Trading in calo. Male l'attività Investment banking
Sempre in linea con gli altri dati di settore, Morgan Stanley ha registrato un calo dei ricavi da Investment banking del 24%, penalizzati principalmente dalla contrazione delle offerte pubbliche iniziali e dalle minori commissioni di consulenza. In controtendenza si è mossa invece Goldman Sachs, i cui numeri sono risultati migliori delle attese (1,81 miliardi contro 1,70 attesi), penalizzati però dal calo dell'attività di sottoscrizione (Ipo incluse). GS pagherà ai suoi azionisti un dividendo da 0,85 dollari il prossimo 27 giugno, con stacco il 29 maggio.
A differenza di JPMorgan Chase, Citigroup e Bank of America, Morgan Stanley presenta una ridotta esposizione al credito al consumo e ai prestiti alle piccole imprese, cosa che non le permette di beneficiare di costanti, piccoli, flussi in entrata. Nonostante ciò, i ricavi del gruppo hanno raggiunto 10,29 miliardi di dollari, superiori del 4% alle attese degli analisti.
Negative invece le entrate totali, scese del 7,1% rispetto allo scorso anno ($10,29 miliardi), in parte compensate dal ribasso del 4% delle spese non correlate. Calo delle entrate anche per Citigroup, che per un -2% del fatturato, ha mostrato nel primo trimestre un +2% alla voce dei profitti.
Banche d'affari Usa: panoramica sugli eps
Al netto di tutto, l’utile per azione di Morgan Stanley si è attestato a $1,33, con un margine aggiuntivo di 6 centesimi ($1,39 eps totale) dovuto a fattori "intermittenti" legati alla tassazione. Il dato risulta comunque inferiore al precedente livello di $1,45.
Meglio ha fatto JP Morgan, cavallo di punta della finanza statunitense, che ha concluso il primo trimestre dell’anno con un utile per azione a 2,65 dollari (oltre i 2,35 dollari previsti dagli analisti). In crescita anche l’eps di Wells Fargo, passato da $0,96 dell’anno scorso agli attuali $1,2.

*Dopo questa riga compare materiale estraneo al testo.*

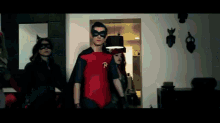 Robin'S A Ladies Man? GIF - Superheroes Robin Superman GIFs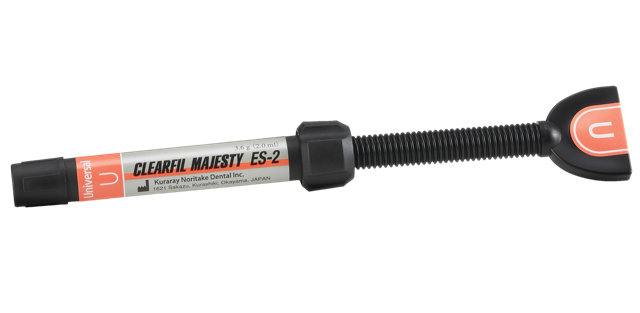 Clearfil Majesty ES-2 composite syringe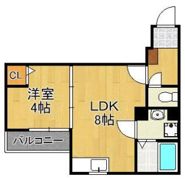 platino片野の間取り画像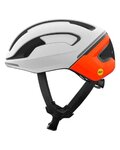 POC Kask kolarski - OMNE BEACON MIPS - biały/pomarańczowy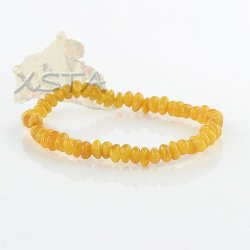 Baltic amber beads bracelet adults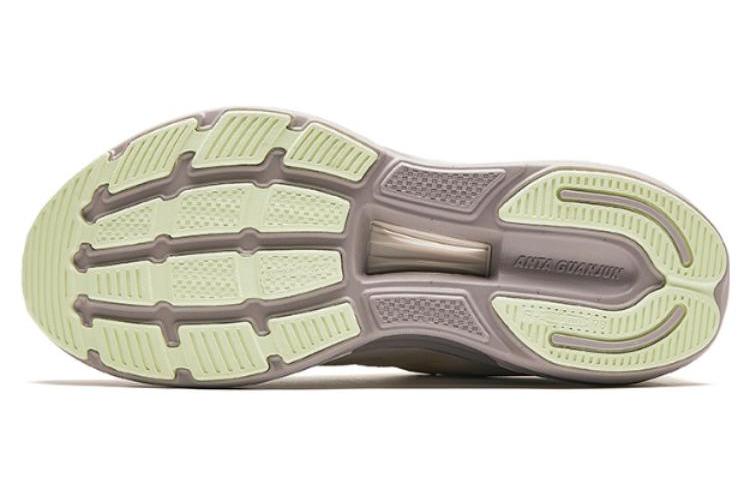 Кроссовки женские Anta Unique Cushioning серые серебристые, 36 EU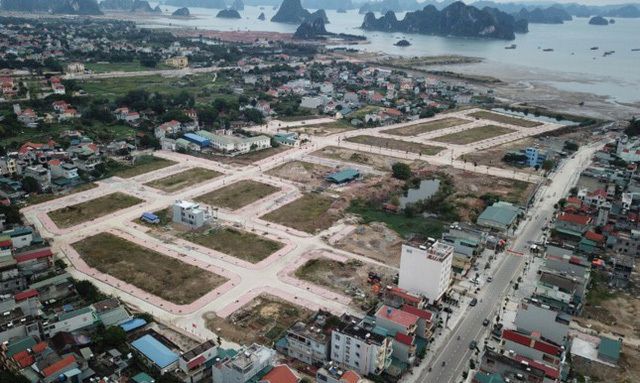 Giá đất tại Vân Đồn có xu hướng tăng mạnh. Nguồn: internet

Particolare il caso di Goldman Sachs, il cui un utile per azione a 5,70 dollari è risultato del 15% superiore al consenso, ma inferiore del 21% al periodo precedente. Segno positivo, infine, per Citi, a $1,87 per azione, in crescita rispetto al dato 2018 a $1,68 per azione, grazie al taglio dei costi di finanziamento.